What's Real On 'American Horror Story: Freak Show'? The Visions Have Us Off Kilter & It's Time To End the Madness

The characters on this season of American Horror Story are anything but reliable. I'm not necessarily talking about their lack of ability to discern who's out to get them. (How many performers have to wind up dead before we start suspecting Stanley?!) The American Horror Story: Freak Show gang is full of people whom we're not so sure we can trust as narrators — a problem, considering that we see everything through the lens of the different characters. We know that we don't get an objective truth when we watch any season of American Horror Story (lest we forget Fiona's final trickery on Coven) but Freak Show's many flashbacks, flash-forwards, and dream sequences make it tough to identify just what reality is for these characters. Is anything real on American Horror Story: Freak Show ? Though that might be one of the most frustrating things going on this season, it also might be what keeps viewers hanging on — we want to know where the lines of fantasy and reality merge.

Unfortunately, the show doesn't seem very invested in clearing up those mysteries right away — and it might not until the very end of this season. Here's what needs clearing up, and what we can assume about each vision:

Bette and Dot's Surgery: Not Real

Dot has had multiple visions and dreams of a separation surgery which ultimately kills Bette and leaves Dot free to explore the world on her own. Yet, in "Tupperware Party Massacre," it seems that Bette and Dot have reached an agreement — neither of them can live on their own, and neither want to. Though I predicted at the beginning of the season that Dot's dreams were foreshadowing into the future, Dot has now changed her tune. If there is a surgery to separate the twins, it most likely won't be at the behest of Dot or Bette — though there's always the chance that it could be performed by the maniacal Stanley.

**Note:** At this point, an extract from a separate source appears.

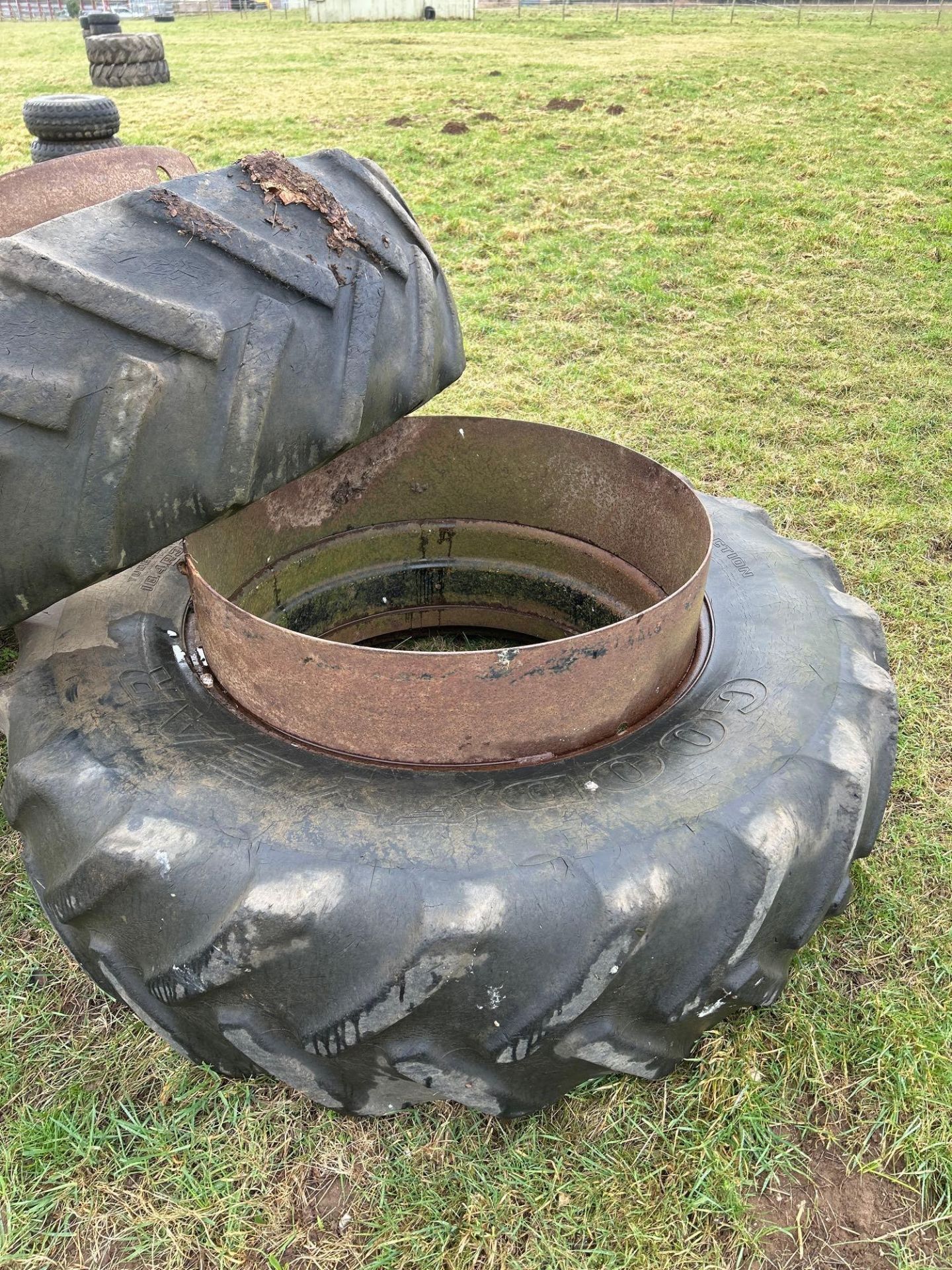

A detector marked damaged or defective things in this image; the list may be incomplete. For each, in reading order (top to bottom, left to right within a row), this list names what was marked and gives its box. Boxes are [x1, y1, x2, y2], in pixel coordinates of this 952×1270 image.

corroded metal ring [186, 418, 709, 762]
rusty wheel rim [184, 418, 714, 767]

Elsa's Hollywood Dreams: Probably Real

In "Orphans," a flash-forward episode, we see Pepper begin her work at the library of Briarcliffe, aka the titular asylum from Season 2. While there, Pepper sees a Life Magazine with Elsa's face on the cover. She achieved her dreams! She's finally a star! But... is it real? Or is it something Pepper imagined to make her wrongful imprisonment just a little less terrible? Considering that Elsa's image on the cover was the end point to the midseason finale, it seems that this flash-forward does hold some significance. I think most viewers assumed that Elsa would never get to Hollywood — certainly not with con man Stanley's assistance — but this proves otherwise.

Elsa's "Twin": Not Real

During Elsa's first performance of the season, a version of David Bowie's "Life on Mars," we see a woman in the audience dressed as a clown. The woman looks alarmingly like Elsa — even though Elsa is performing on stage. Viewers were left scratching their heads — does Elsa actually have a twin?! Considering that Elsa's "twin" was never brought up again — nor were there any other visions of her — her inclusion might be more about symbolism than reality. Perhaps Elsa saw her sad life projected on an audience member, hence the tragic clown with her face watching "Life on Mars." Either that, or Ryan Murphy is just screwing with us — it wouldn't be the first time.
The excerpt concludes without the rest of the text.